Everyone makes their own decisions about who to do business with, and I'm sure my change in how I personally evaluate Adorama is not going to drive them out of business...

However, if Vendor A sells item M on several different websites, and makes no disclaimer that Item M is being offered for sale elsewhere with its availability subject to previous sale, and vendor A represents that item M is in stock on those websites -- and vendor B maintains more accurate stock counts so that if they offer item M for sale there is a very high confidence that it is in fact in inventory -- then it would be rational, not ridiculous, to choose to do business with vendor B in the future once this business practice is known.

Vendor B is still on my preferred vendor list, and I wish I had ordered from vendor B in this case, as I have often done in the past. If I had ordered from vendor B I would have camera M in my pack now for my next hike.

Lesson learned.


----------



## paul13walnut5 (Jul 13, 2013)

or is it the classic story of the fire sale.

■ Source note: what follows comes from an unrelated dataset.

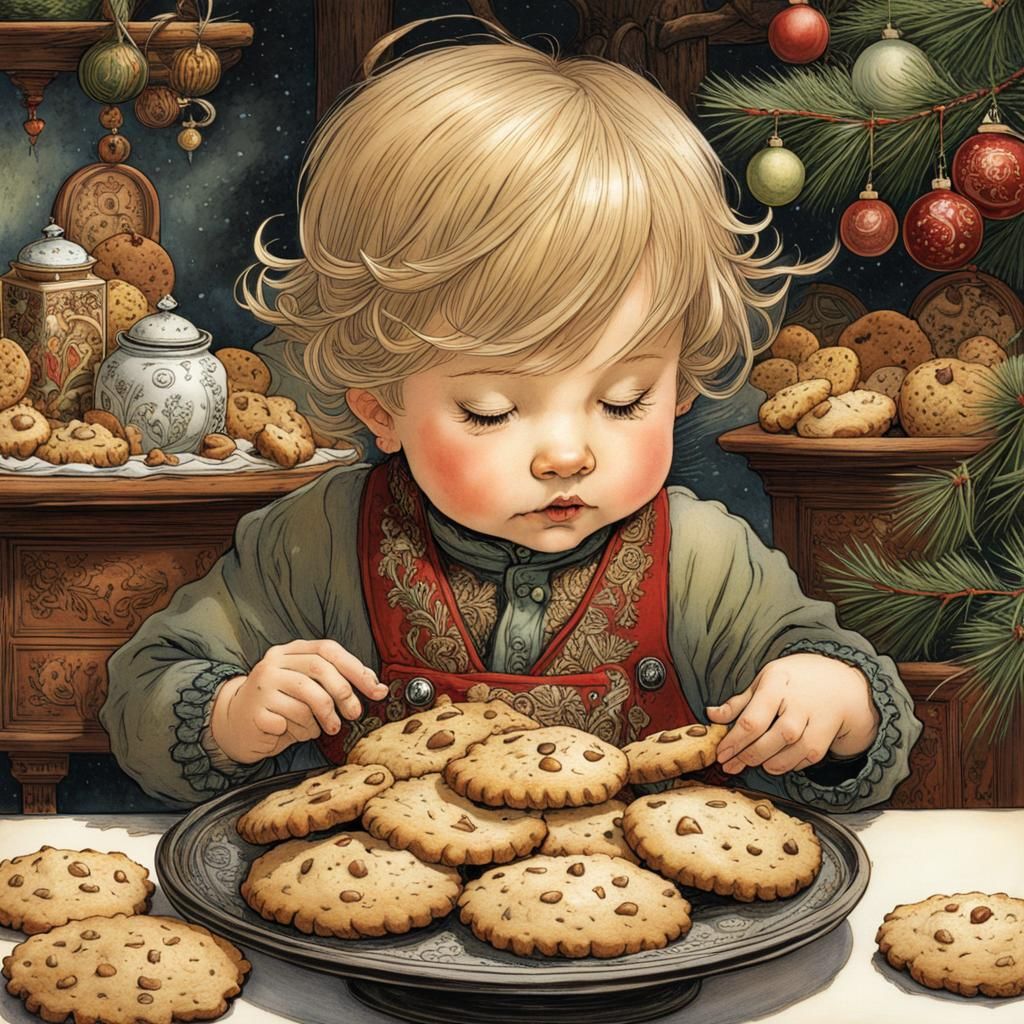 Toddler's Secret Christmas Cookie Snack, Detailed Illustrati...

All these folk who didn't see the point, and didn't want an M, suddenly got one when the price dropped.

Sluts.

If you'd wanted one you'd have had one. You didn't. you wanted a bargain. Well. They don't last forever.


----------



## brad-man (Jul 13, 2013)

hmmm said:


> privatebydesign said:
> 
> 
> > hmmm,
> ...



If this was a normal "good deal" sale of an item, I could see your point that a seller should maintain accurate inventory control. But I think it is obvious (to most people) that this was an _extraordinary_ sale that could not last for long. At $300 a pop, I have to think that _somebody_ isn't pulling in the profit margin they had in mind, so the supply is bound to be limited. If you had decided to pull the trigger in a more timely manner and spent less time saying _"hmmm"_, you wouldn't have needed to post this.

_When you snooze you lose_


----------



## Helen Oster (Jul 15, 2013)

*Re: Got my Order cancellation fromn Adorama today*



hmmm said:


> Dear Adorama,
> 
> I did not realize at the time I ordered that your business practice is to multi-post your inventory on numerous websites, a practice that is misleading to the customer in that you can not guarantee availability of the inventory indicated in your listings.
> 
> ...



We do NOT multi-post our inventory on multiple websites.

We post our inventory at www.adorama.com

However, we have absolutely no control over how many people, on seeing a great deal, decide to multipost on their own websites, deal websites, blogs, shopping sites, photography groups etc.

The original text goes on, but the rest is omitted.